The volition aggregate engenders birth and death, the root of which is not visible to you until the earlier three aggregates recede. Now that the form, feeling, and thought aggregates have evaporated for you, you discern that volition is the basis of generation. And that fountainhead is like the mirage of heat haze.
Using the metaphor of water too, thought aggregate is comparable to large, wild waves, volition aggregate mild froths, consciousness aggregate waveless ripples, and the source of actuality is represented by still waters. When your inherent nature’s refracting light quits, the fundamental stillness of your essence is like a calm body of water. Once the volition aggregate ends, you can transcend the turbidities of beings and contemplate their cause, which is subtle intent.
Any of the following ten conjectures may occur when thought aggregate rests but volition aggregate remains active. During single-pointed meditation, you obstruct yourself by entertaining strange hypotheses such as these:
- There is no cause, and nothing more to or beyond the beginning or end of our existence: a hypothesis misinterprets impermanence in view that there is nothing more beyond a limited span of time, hence all that is within this specific time period is impermanent.A. There is no cause to the start of our existence because for as long as 80,000 eons but no more, all beings have come into being then ceased to be. Your understanding is that all beings throughout these 80,000 eons have come into existence without cause.You become heretical with your claim. You become deluded and cannot find your way to enlightenment.B. There is no cause to the end of our existence. Things are the way they are because that’s the way they’ve always been. People give birth to people, and have always done so. Crows are and have always been black and doves likewise white. There was not the causal act of coloring crows and never the bleaching of doves. No intervention and no change, hence no cause can be said to have led to these phenomena.
You claim, “Since I don’t see enlightenment, how can there be such a thing as enlightenment?”
You become heretical with your claim. You become deluded and cannot find your way to enlightenment.

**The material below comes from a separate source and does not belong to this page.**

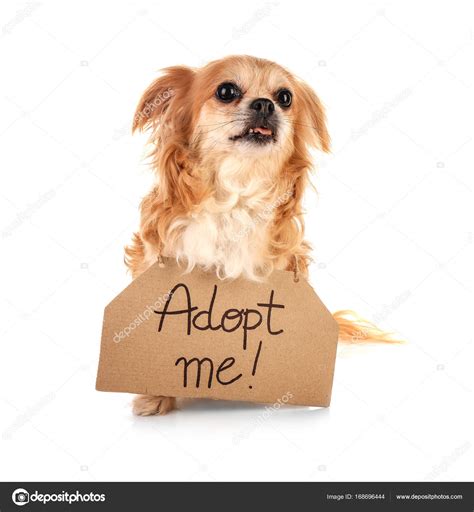 Image result for Adopt Me 2 Text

- There is eternalism: a hypothesis misinterprets permanence in view of all that continues within a limited span of time.A. The mind is constant because for 20,000 eons, the cycle of birth and death has been perpetual.B. The Four Elements of earth, water, fire, and wind are constant because they have always been material to the birth and death of all beings throughout 40,000 eons.C. The Eighth Consciousness (the storehouse consciousness or ālaya-vijñāna) is constant because it accepts through the Seventh Consciousness all sense data interacting with the six senses. By training the Eighth Consciousness, you can observe that all beings cycle through continually for 80,000 eons. Hence you assume that which observes is perpetual.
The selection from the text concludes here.